JayDeBeApiArrow's Arrow fast path avoids the row-by-row JPype serialization overhead that plagues the original jaydebeapi. Instead, JDBC data is converted to Arrow record batches in-JVM and exported to Python via the Arrow C Data Interface, bypassing pyarrow.jvm entirely.

Methodology

  • Database: PostgreSQL (local, same machine)
  • Default workload: 5 million rows, 4 columns (INTEGER, VARCHAR, DOUBLE, TIMESTAMP)
  • Baseline: Original jaydebeapi (row-by-row JPype iteration)
  • Reference: psycopg2 native PostgreSQL driver

All measurements include connection setup and query execution.
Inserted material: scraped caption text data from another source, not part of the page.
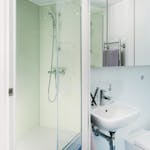 Scape-Bloomsbury-Two Bed Apt-Bathroom_1980x880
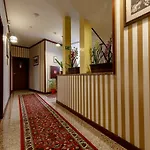 فندق Alfred كارلوفي فاري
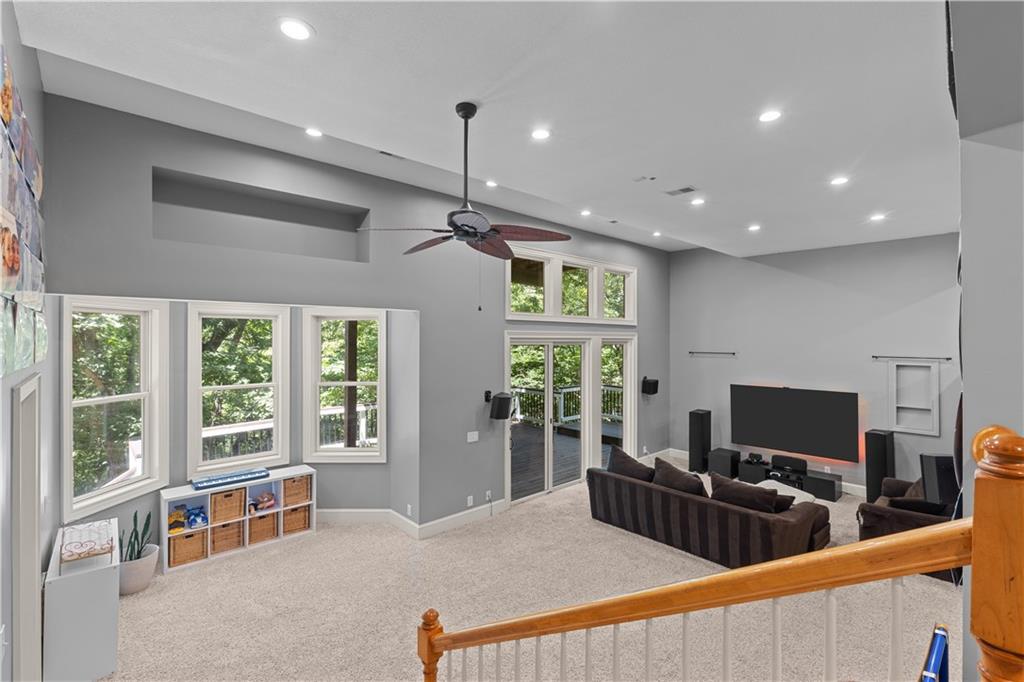 Listing Photo MLS #HMS2561871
Each method was run multiple times; median times are reported.

Results

5M Rows, 4 Columns

Method Time Throughput vs jaydebeapi
jaydebeapi (baseline) 180.1s 28K rows/s -
Drop-in replacement 26.5s 189K rows/s 6.8x
Native Arrow API (C Data Interface) 7.6s 658K rows/s 23.7x
Psycopg2 (native driver) 7.2s 694K rows/s 25.0x

Key Takeaways

  • Native Arrow API is ~23.7x faster than jaydebeapi for 5M rows using the C Data Interface
  • Drop-in replacement (using fetchall()) still gives a 6.8x speedup, because the Arrow conversion happens in-JVM before JPype transfers the data
  • Arrow throughput is within 6% of a native C driver - psycopg2 is only marginally faster despite being a C extension communicating directly to PostgreSQL
  • The speedup increases with row count - the fixed overhead of Arrow setup is amortized over larger datasets

How to Reproduce

The benchmark suite is in the benchmark/ directory:

# Prepare test data (creates a PostgreSQL table with N rows)
uv run python benchmark/prepare_data.py --rows 5000000

# Run the comparison benchmark
uv run python benchmark/compare_performance.py --rows 5000000

# Analyze results
uv run python benchmark/analyze_results.py

Prerequisites

  • PostgreSQL instance with the pgjdbc driver
  • The jaydebeapi package installed (for baseline comparison)
  • psycopg2 installed (for native driver reference)

Prior Art

This approach was inspired by:

Both posts tested against distributed query engines (Drill, Trino) over network connections, which have much higher per-row JDBC overhead. PostgreSQL's JDBC driver is significantly faster at row retrieval, so the baseline is lower and the speedup multiplier is smaller (~24x vs 100x+). However, the absolute Arrow throughput is comparable across all three approaches.